▶ [The problem]
For each line below with the word "Round", write out a copy.

▶ [Dataset records]
*****
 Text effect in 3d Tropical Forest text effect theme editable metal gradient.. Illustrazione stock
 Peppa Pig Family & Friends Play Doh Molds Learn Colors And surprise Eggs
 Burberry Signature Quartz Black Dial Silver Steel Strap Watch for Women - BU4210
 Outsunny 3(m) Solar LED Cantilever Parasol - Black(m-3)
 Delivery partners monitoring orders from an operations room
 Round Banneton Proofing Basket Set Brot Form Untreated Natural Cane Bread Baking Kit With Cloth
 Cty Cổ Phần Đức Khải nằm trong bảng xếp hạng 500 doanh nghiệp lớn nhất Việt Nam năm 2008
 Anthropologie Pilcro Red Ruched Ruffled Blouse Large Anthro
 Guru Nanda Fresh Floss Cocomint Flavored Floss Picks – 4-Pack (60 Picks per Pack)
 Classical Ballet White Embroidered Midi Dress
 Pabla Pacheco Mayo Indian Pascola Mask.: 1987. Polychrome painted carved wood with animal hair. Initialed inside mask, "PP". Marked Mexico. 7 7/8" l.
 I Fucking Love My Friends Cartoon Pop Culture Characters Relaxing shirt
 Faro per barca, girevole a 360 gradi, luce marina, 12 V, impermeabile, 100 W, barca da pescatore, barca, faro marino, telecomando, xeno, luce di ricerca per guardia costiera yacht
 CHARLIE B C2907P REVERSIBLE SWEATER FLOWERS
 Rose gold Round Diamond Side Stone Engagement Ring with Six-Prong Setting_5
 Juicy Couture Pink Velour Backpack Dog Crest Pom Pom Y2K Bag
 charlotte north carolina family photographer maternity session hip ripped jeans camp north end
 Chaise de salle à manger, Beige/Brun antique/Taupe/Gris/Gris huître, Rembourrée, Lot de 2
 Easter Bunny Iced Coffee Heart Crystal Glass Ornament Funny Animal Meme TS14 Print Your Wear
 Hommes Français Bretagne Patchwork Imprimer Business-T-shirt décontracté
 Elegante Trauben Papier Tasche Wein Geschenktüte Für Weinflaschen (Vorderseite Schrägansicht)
*****
▶ [Exercise result]
 Round Banneton Proofing Basket Set Brot Form Untreated Natural Cane Bread Baking Kit With Cloth
 Rose gold Round Diamond Side Stone Engagement Ring with Six-Prong Setting_5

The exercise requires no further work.